Prompt: The line containing "Image DElas Circus Show", plus every line that follows it to the end of the listing below, is what you transcribe exactly; omit all pictures.

Given information:
------------------------------------------------------------
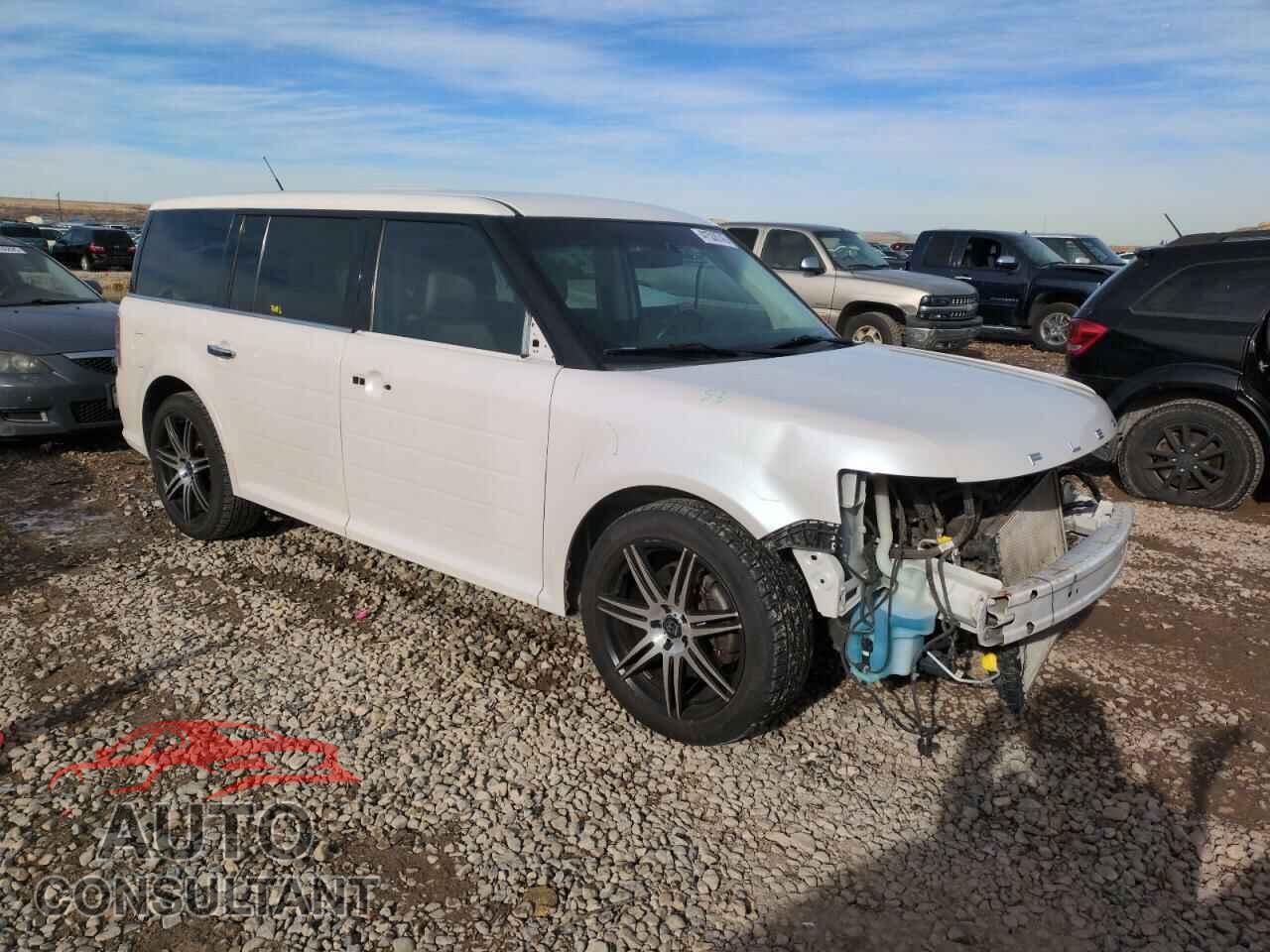 FORD FLEX 2013 - 2FMHK6D85DBD07289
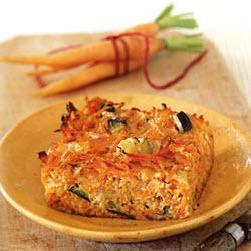 筍瓜胡蘿卜無酥皮咸派的做法 筍瓜胡蘿卜無酥皮咸派的做法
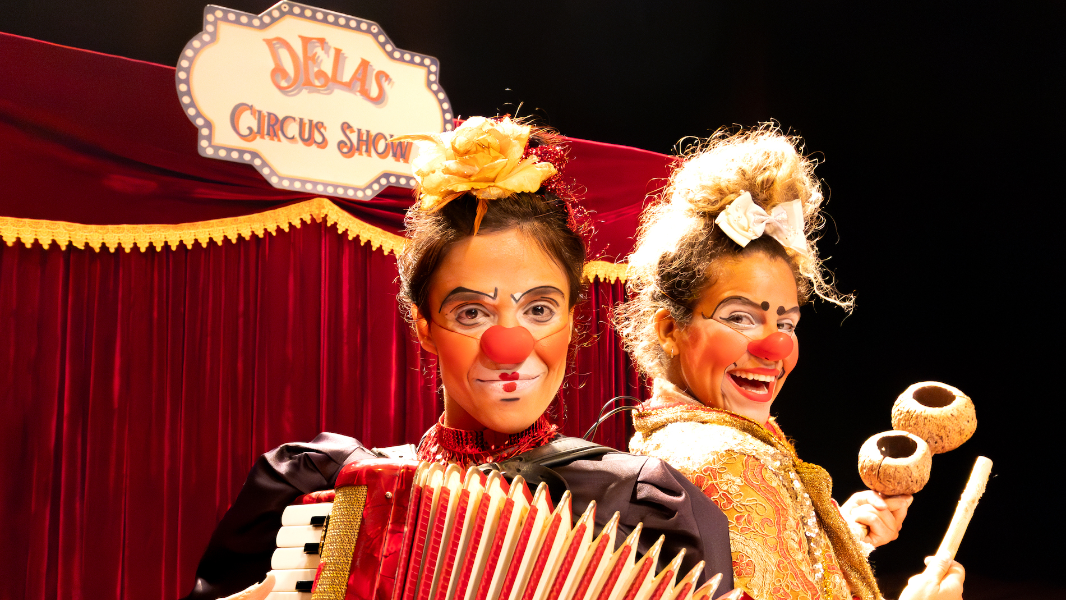 Image DElas Circus Show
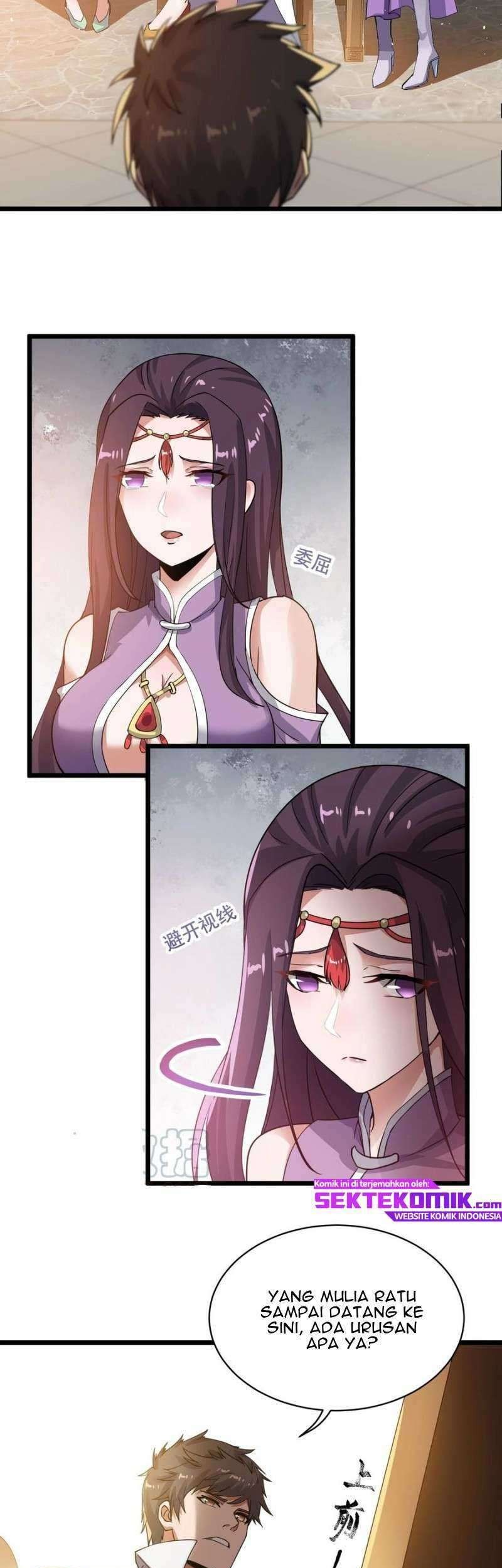 First Dragon Chapter 190 Gambar 17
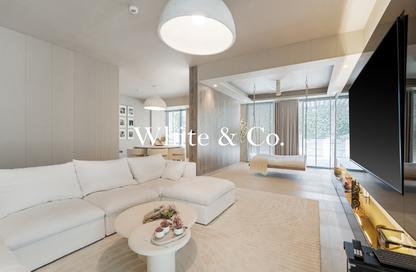 Villa - 4 - 5 for sale in Harmony 1 - Harmony - Tilal Al Ghaf - Dubai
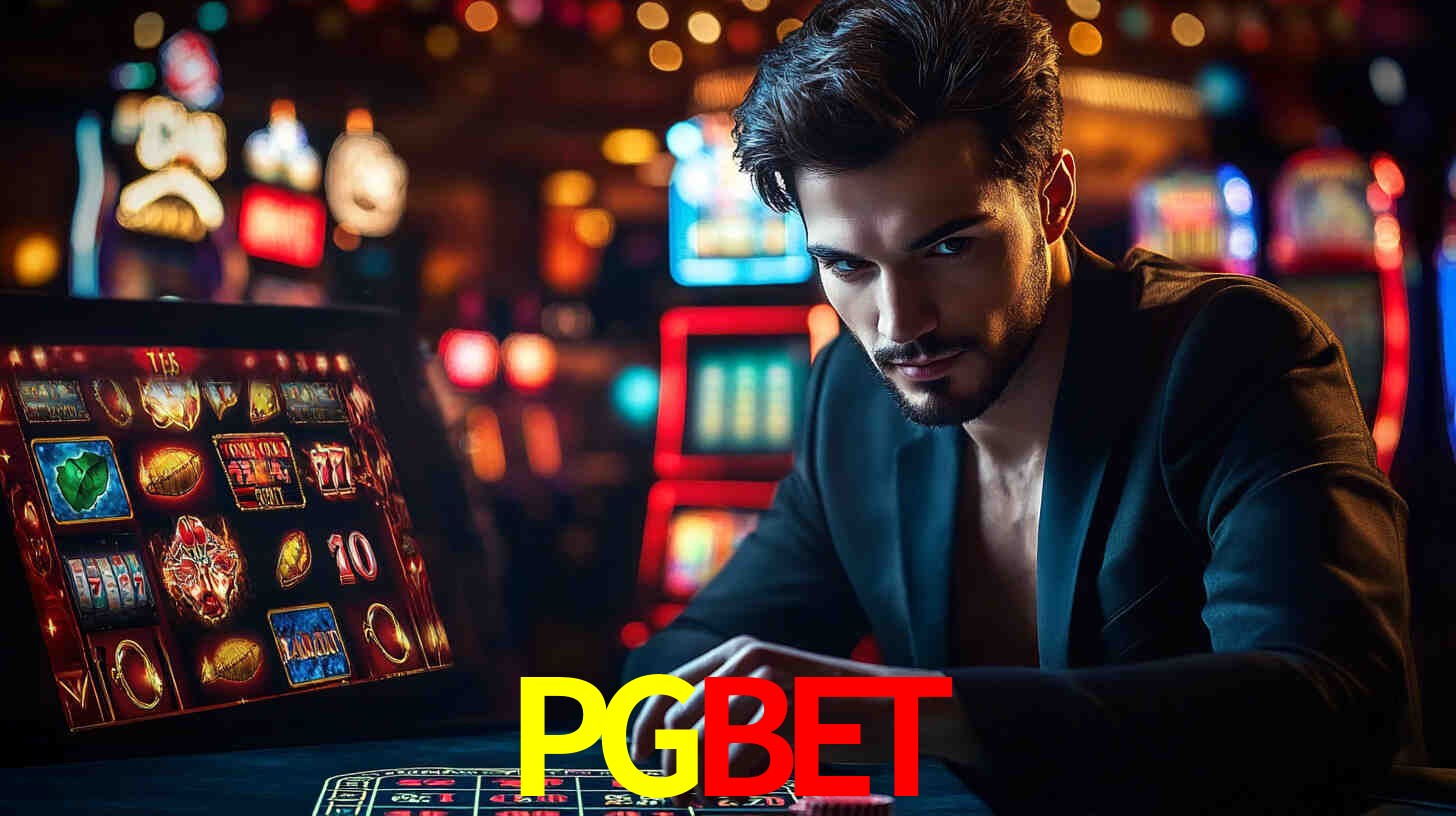 PGBET: A Experiência de Casino com Jogos de Mesa ao Vivo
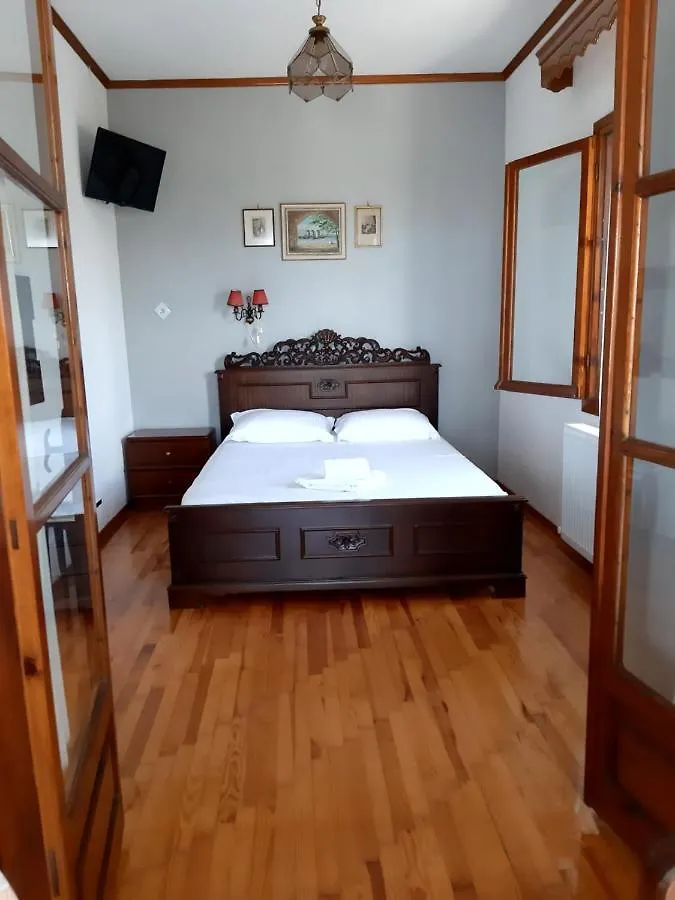 Οδυσσέας Villa Stavros  Holiday home Stavros (Thessaloniki)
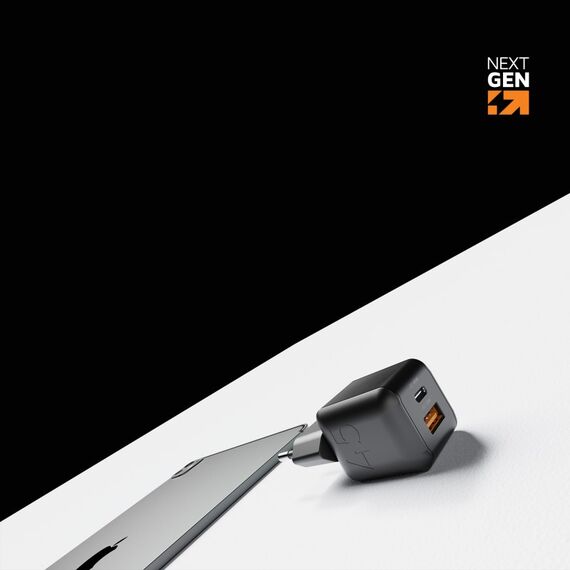 Xtorm XECNG451 Ladegerät für Mobilgeräte Universal Schwarz USB Schnellladung Drinnen, Farbe: Schwarz, 3 image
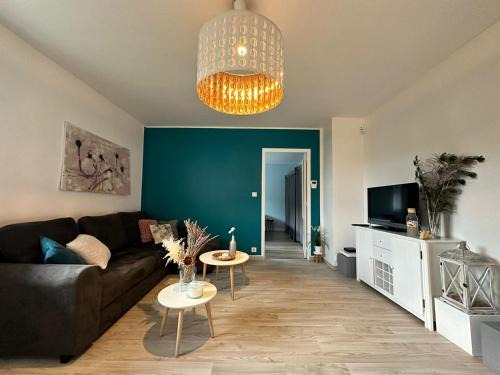 Besancon Apartment | Charmant 2 pièces avec terrasse - Proche Gare et Centre Ville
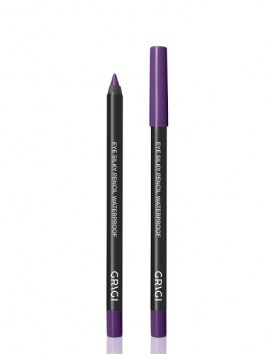 Grigi Waterproof Eye Silky Pencil No 14 Purple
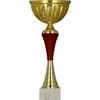 Victoria Sport Cup metalo auksas – bordo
------------------------------------------------------------
Output below:
 Image DElas Circus Show
 First Dragon Chapter 190 Gambar 17
 Villa - 4 - 5 for sale in Harmony 1 - Harmony - Tilal Al Ghaf - Dubai
 PGBET: A Experiência de Casino com Jogos de Mesa ao Vivo
 Οδυσσέας Villa Stavros  Holiday home Stavros (Thessaloniki)
 Xtorm XECNG451 Ladegerät für Mobilgeräte Universal Schwarz USB Schnellladung Drinnen, Farbe: Schwarz, 3 image
 Besancon Apartment | Charmant 2 pièces avec terrasse - Proche Gare et Centre Ville
 Grigi Waterproof Eye Silky Pencil No 14 Purple
 Victoria Sport Cup metalo auksas – bordo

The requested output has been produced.